L'enfance de Clapton est digne d'un mélodrame, tel, qu'un scénariste n'aurait osé l'imaginer. A l'âge de 9 ans, il apprend que ses parents sont en réalité ses grands parents ! Et donc ses frères et soeurs sont ses oncles et tantes. Lorsque sa vraie mère réapparaît enfin, et qu'Eric lui demande "je vais pouvoir t'appeler maman alors ?" elle lui répond "ce n'est pas la peine, ne change pas tes habitudes". Ca fait mal ! C'est donc élevé par ses grands parents, que le jeune Eric grandit entouré d'amour, dans une petite ville d'Angleterre, passant son temps entre deux passions : le dessin et la musique. Vers 15 ans, il choisit définitivement la musique et le blues, et trouve sa voix.

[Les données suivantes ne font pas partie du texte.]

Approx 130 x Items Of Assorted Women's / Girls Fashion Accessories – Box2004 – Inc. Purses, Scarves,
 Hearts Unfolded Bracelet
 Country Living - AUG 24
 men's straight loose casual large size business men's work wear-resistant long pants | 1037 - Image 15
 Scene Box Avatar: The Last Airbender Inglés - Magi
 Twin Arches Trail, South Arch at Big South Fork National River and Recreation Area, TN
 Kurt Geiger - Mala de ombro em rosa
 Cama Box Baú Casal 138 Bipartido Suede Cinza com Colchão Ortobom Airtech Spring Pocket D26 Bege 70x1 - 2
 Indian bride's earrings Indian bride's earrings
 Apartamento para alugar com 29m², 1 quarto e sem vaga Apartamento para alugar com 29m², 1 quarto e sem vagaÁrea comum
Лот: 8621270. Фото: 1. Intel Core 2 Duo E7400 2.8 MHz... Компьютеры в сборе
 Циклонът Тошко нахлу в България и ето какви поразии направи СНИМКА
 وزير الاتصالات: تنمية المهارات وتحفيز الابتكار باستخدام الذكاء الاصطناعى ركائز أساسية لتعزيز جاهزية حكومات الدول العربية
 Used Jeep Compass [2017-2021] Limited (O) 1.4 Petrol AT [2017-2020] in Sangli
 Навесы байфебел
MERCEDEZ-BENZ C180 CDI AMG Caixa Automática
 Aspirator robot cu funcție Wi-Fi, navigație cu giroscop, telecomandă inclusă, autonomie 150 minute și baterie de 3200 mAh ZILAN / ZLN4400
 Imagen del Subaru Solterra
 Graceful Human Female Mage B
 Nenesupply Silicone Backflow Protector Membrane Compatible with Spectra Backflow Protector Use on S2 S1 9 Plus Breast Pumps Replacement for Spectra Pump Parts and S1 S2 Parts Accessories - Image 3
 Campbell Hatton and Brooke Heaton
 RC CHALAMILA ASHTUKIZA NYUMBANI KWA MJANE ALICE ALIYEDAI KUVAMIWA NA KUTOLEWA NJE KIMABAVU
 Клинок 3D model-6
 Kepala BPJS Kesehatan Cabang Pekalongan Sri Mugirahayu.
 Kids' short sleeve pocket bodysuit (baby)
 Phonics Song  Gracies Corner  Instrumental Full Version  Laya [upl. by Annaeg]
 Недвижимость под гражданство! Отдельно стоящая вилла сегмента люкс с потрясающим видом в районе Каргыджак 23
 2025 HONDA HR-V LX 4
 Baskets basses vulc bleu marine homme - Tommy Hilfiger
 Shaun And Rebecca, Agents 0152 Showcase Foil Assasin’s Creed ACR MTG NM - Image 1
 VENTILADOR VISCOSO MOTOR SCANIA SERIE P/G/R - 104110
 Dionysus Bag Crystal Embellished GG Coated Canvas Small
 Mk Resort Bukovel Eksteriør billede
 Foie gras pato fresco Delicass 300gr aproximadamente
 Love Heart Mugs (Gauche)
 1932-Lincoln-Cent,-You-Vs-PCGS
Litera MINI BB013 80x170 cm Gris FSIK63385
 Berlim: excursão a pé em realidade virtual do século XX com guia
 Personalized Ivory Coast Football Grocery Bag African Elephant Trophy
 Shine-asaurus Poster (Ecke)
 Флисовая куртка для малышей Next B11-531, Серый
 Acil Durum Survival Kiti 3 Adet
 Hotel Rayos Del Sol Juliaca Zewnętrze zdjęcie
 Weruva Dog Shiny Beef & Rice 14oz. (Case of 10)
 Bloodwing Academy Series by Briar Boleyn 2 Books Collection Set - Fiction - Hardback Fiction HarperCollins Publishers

Ce livre est très simplement écrit. Clapton y raconte sa vie avec honnêteté et sincérité. De la découverte des disques de blues, ses premières guitares, ses entraînements intensifs auxquels il se soumettait pour imiter Freddy King ou Muddy Water, ses premiers engagements, les concerts miteux... jusqu'au fameux "Clapton is God" en 1965. Eric Clapton était un puriste, ne voulant céder à aucune concession commerciale. Entendez par là : la musique pop. Il est passé par un tas de groupes, évitant à chaque fois d'en être le leader. Mais il en était le moteur, y compris chez les Bluesbreaker de John Mayall. Clapton raconte tout, sa technique de guitariste, sa vie sentimentale chaotique, ses trips sous acide avec Cream, son addiction à l'héroïne en 1970, puis dans l'alcool, le décès de son fils Conor, ses relations avec ses amis George Harisson, Pete Townsend, Steve Windwood...
On y découvre plein de choses, des secrets de fabrication, des anecdotes, on y croise que du beau monde (Hendrix, les Stones, Dylan, Stevie Ray Vaughan...). On y découvre surtout un homme simple, drôle, timide, mal à l'aise, qui s'affranchit de ses démons intérieurs avec sincérité. Un homme qui a voulu échapper à une vie de doute et de souffrance en se bourrant le cerveau de drogues et de vodka, pour vivre dans un état second, hors des réalités. Il est descendu très bas, et cela teint du miracle qu'il en est survécu.
Cette autobiographie se lit très vite, elle est passionnante (la période 1966-73 est un passage fabuleux pour tous les amateurs de rock), et transpire la sincérité, la lucidité à chaque page. Eric Clapton, surnommé "Dieu", se révèle être un personnage profondément humain, terriblement attachant, farceur, amoureux de la campagne et de la pêche à la ligne. Il semble avoir retrouver son équilibre, et on en est heureux pour lui.